CREATURES FROM THE ABYSS*
(PLANKTON, Italien, 1994, Regie: Alvaro Passeri)
Fünf junge Leute unternehmen eine Spritztour mit ihrem Motorboot. Doch auf dem Meer geht ihnen das Benzin aus. Sie haben Glück und können sich auf eine scheinbar verlassene Yacht retten. Die Yacht ist nicht nur ausgestattet wie ein Partyboot, sondern beinhaltet auch ein Labor, in dem geheime Experimente an Fischen stattgefunden haben, die nun zu einer tödlichen Gefahr werden.
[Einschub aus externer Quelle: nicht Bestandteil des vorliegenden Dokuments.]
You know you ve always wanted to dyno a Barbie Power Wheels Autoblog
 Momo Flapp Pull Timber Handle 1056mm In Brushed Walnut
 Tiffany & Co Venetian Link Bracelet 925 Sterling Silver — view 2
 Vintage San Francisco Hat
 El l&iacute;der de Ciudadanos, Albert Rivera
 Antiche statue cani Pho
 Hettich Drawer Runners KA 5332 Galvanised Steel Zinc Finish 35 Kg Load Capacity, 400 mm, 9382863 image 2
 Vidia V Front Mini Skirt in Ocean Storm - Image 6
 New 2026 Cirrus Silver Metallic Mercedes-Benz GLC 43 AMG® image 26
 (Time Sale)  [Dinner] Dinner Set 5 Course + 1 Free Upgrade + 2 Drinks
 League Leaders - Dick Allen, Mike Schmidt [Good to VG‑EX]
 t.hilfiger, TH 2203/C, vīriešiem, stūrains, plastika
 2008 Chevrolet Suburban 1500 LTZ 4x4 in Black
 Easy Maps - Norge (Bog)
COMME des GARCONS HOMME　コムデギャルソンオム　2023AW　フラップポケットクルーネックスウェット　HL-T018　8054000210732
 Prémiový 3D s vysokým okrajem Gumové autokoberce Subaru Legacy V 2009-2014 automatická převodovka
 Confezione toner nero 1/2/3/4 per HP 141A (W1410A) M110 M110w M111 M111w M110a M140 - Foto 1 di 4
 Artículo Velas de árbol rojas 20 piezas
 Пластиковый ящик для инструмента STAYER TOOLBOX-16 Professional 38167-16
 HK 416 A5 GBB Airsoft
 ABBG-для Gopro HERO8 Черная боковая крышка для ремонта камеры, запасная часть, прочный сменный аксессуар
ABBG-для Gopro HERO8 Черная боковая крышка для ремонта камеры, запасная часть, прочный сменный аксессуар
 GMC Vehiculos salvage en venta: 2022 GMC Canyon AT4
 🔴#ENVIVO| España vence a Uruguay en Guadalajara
Wenn man richtig schlecht gelaunt oder betrübt ist, dann ist CREATURES FROM THE ABYSS vielleicht eine Option, dem Zustand entgegenzuwirken. Schnell hebt Alvaro Passeri die Laune mit seinen unglaublich dümmlichen Figuren, die einen flachen Spruch nach dem anderen abfeuern. Das ändert sich im Verlauf des Films leider nicht, aber die Umstände ändern sich glücklicherweise. Nach einem etwas quälenden Start wird die Inszenierung mit betreten der Yacht direkt spannender. Vor allem ist die höchst stylische Innenausstattung ein wahrer Hingucker. Dass man sich dann in einem Studio aufhält, sieht man natürlich. Aber die mit Silberfolie beklebten Wände, die futuristische Möblierung und das Labor eröffnen eine eigene Welt, die mindestens so schräg ist wie die Kreaturen, die hier auftauchen. Eine Mischung aus urzeitlichen Fischen und Piranhas flattern durch die Gegend und richten ein unglaubliches SFX-Massaker an, was man so selten gesehen hat. In Sachen Schleim, Blut, Gekröse und Effekte ist CREATURES FROM THE ABYSS wirklich eine kleine Offenbarung, die man anfänglich nur schwer vermuten würde. Er ist mehr ein THE THING (1982) als ein PIRANHA (1978), nur auf einem niedrigeren Niveau, versteht sich.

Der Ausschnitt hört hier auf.